GCC and cache misses

Discuss the development of new homebrew software, tools and libraries.

Moderators: cheriff, TyRaNiD

Post Reply
Brunni
Posts: 186
Joined: Sat Oct 08, 2005 10:27 pm

GCC and cache misses

Post by Brunni »

Hello,

I've a very big problem, my project (MasterBoy, an emulator for two consoles) seems to have reached a "critical size". In fact, whatever I modify or add can - and will most likely - make the performance drop by as much as 100%. It's usually about 50%, but it's simply enormous anyway.

Until now I could work around this problem by moving things here and there, changing some compiler options, trying to spare some memory where I could, but now it seems to be really finished, I can't do anything: it's now slow as hell whatever I do.

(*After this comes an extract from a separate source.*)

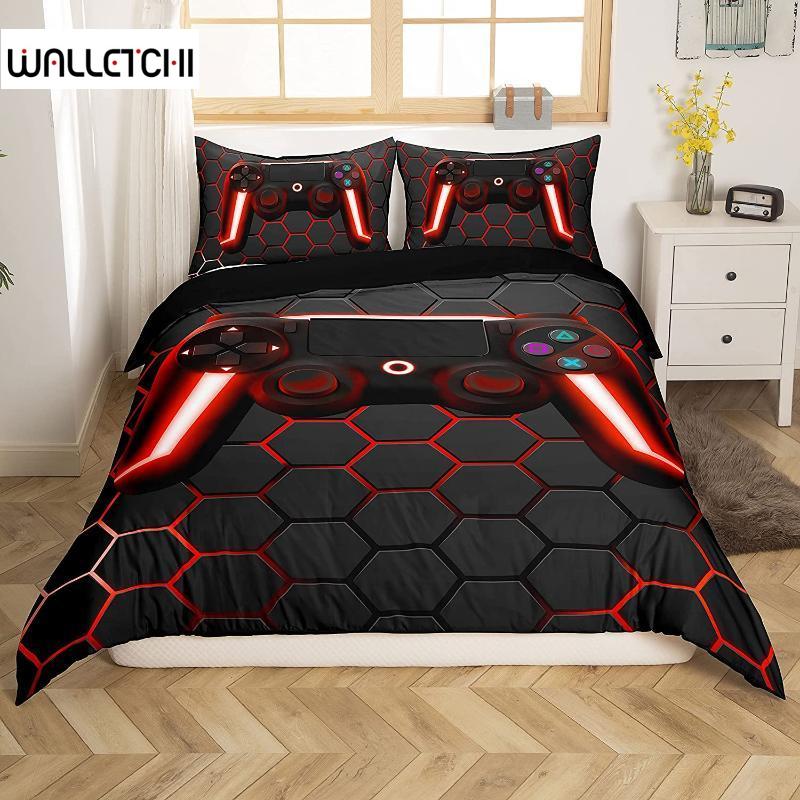 

Игровой пододеяльник King Red Honeycomb Printed Комплект постельного белья из полиэстера Игровой красный и черный Новинка Геймпад Джойстики Пододеяльник EU single(135x200cm)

Of course, because of this I can't continue adding things and even correcting bugs, that's why I ask you if there's a way to overcome this problem?

I've seen GCC reorganizes and aligns data, often in chunks that are > 8k, just killing that 2-way cache :(

Also, in the CPU core, which has 60k of code (I know it's too much, but it's a jump table), it's very efficient in a "good" build (i.e. I've got luck) but very bad else (sometimes it's nearly as slow as running the code from an uncached address). The problem is as I never touch the CPU core again, the things in there should not be reorganized, I don't know why so much randomness :/

I've tried a lot of options like -fno-align-functions and -fno-reorder-blocks and even if it improves performance for a build or two, changing something in the code is likely to produce something even worse than before. Also as these flags are applied to the compiler, not the linker, I don't think it's what I'm searching for.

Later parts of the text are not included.